Allawi's alliance beat rival State of Law alliance leader Nouri Maliki by 91 seats to 89 for the yet-to-be-formed 325-seat parliament. However, both are a long way short of the 163 seats needed to form a majority and are therefore in meetings with the other political blocs to form alliances. Maliki is challenging the vote count in court.
The issue of displaced people must be a top priority for the coming government, said Basil Abdul-Wahab al-Azawi, head of the Baghdad-based Commission of Society Enterprises, an umbrella group of more than 1,000 NGOs inside and outside Iraq.
"Any delay in forming the new government due to the expected political wrangling will have a dangerous impact on IDPs and refugees," he said.

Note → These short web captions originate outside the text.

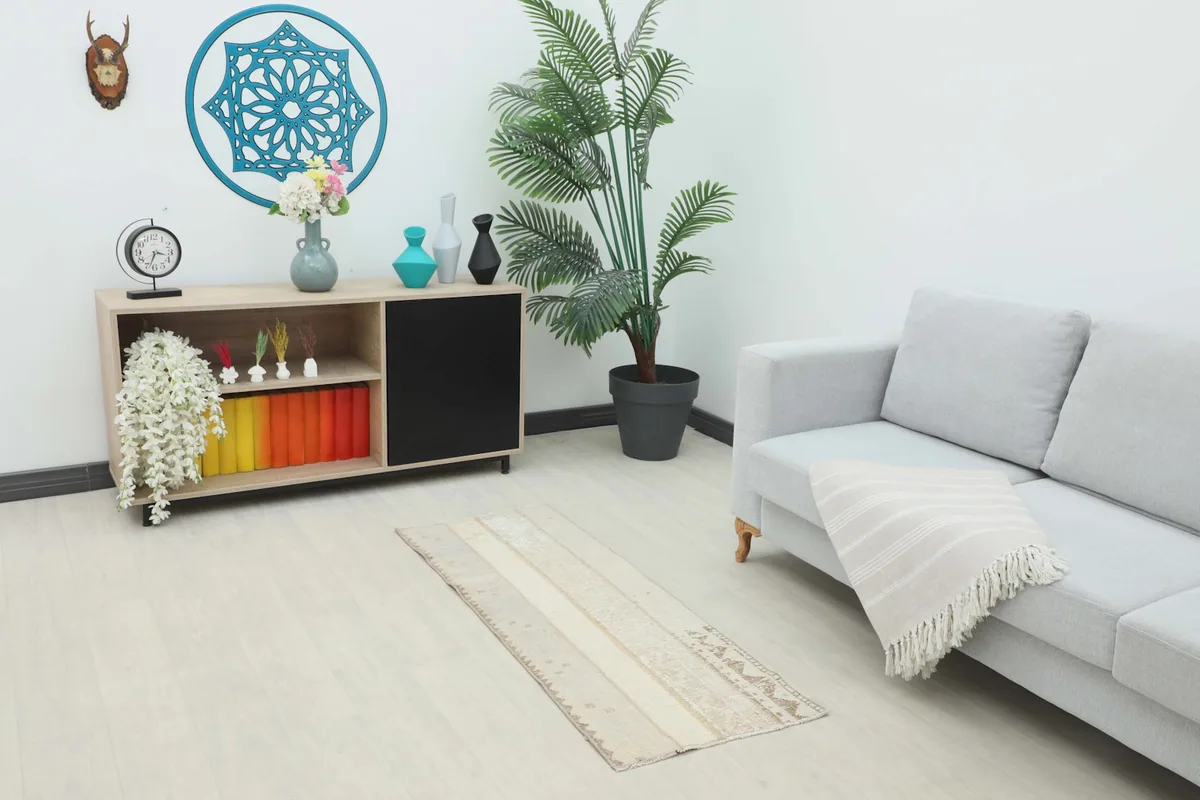 Vintage Anatolian runner rug placed in a modern living room setting, showcasing its scale and color.
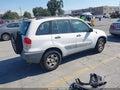 2001 Toyota RAV4 — photo 4 of 11 | VIN JTEGH20VX10023099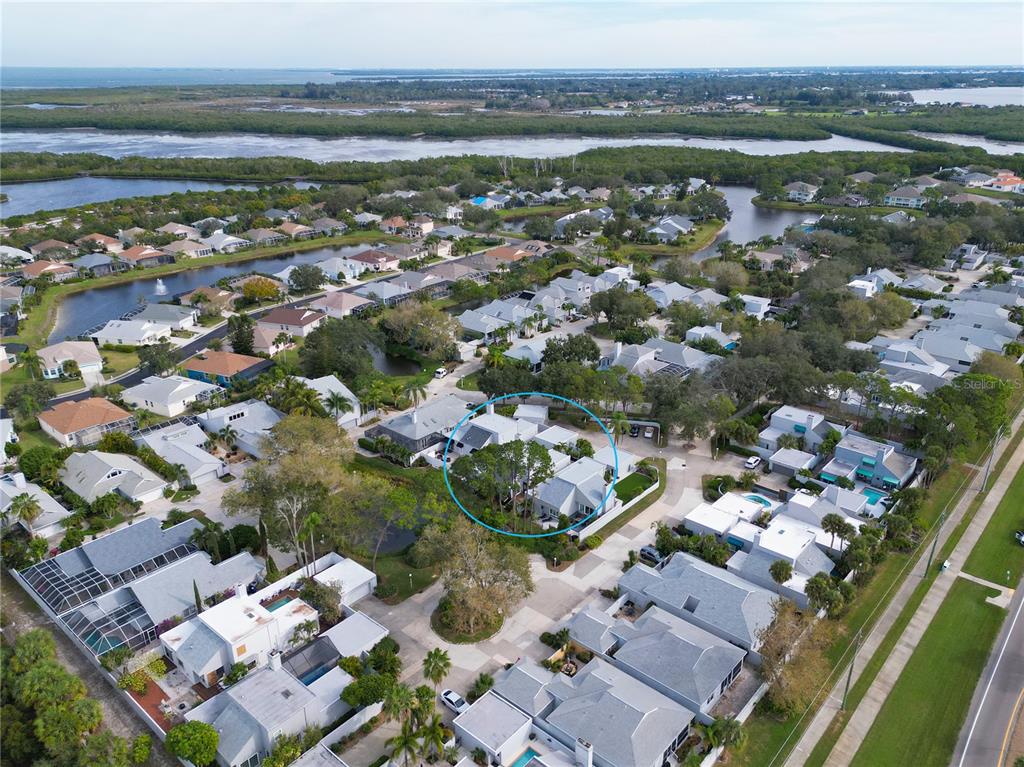 An aerial view shows a suburban neighborhood with a blue circle highlighting a specific house — 11213 VERANDA COURT, BRADENTON, FL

Hassam Kamil, professor of mass media at the University of Baghdad and a political analyst, said accurate and comprehensive data on IDP numbers, their whereabouts and needs was urgently needed. "It is not only a security-related issue, but also a social, economic and political one. And all these aspects should be taken into consideration by the new government," he told IRIN.
Since 2003 some four million people were forced to flee their homes, either abroad - chiefly to Syria and Jordan - or to other areas of their own country.
In its latest report on 17 March, Washington-based Refugees International said the humanitarian situation facing Iraqi refugees and IDPs "is quickly becoming a protracted one" and called on the USA, donors and the Iraqi government to join forces to expand humanitarian programmes.
"Many fear returning to their original homes. Most are too poor to relocate. The settlements all lack basic services, including water, sanitation, and electricity, and are built in precarious places - under bridges, alongside railroad tracks and amongst garbage dumps," the report said.
It said that despite the governments of Iraq and the USA, among others, encouraging returns, "much of the current displacement is likely to be permanent".
"People will continue to return home, but only at a trickle. Lack of security and jobs continues to be a strong deterrent. Others are simply too traumatized to return to their places of origin. Long-term solutions must be found for these people," it added.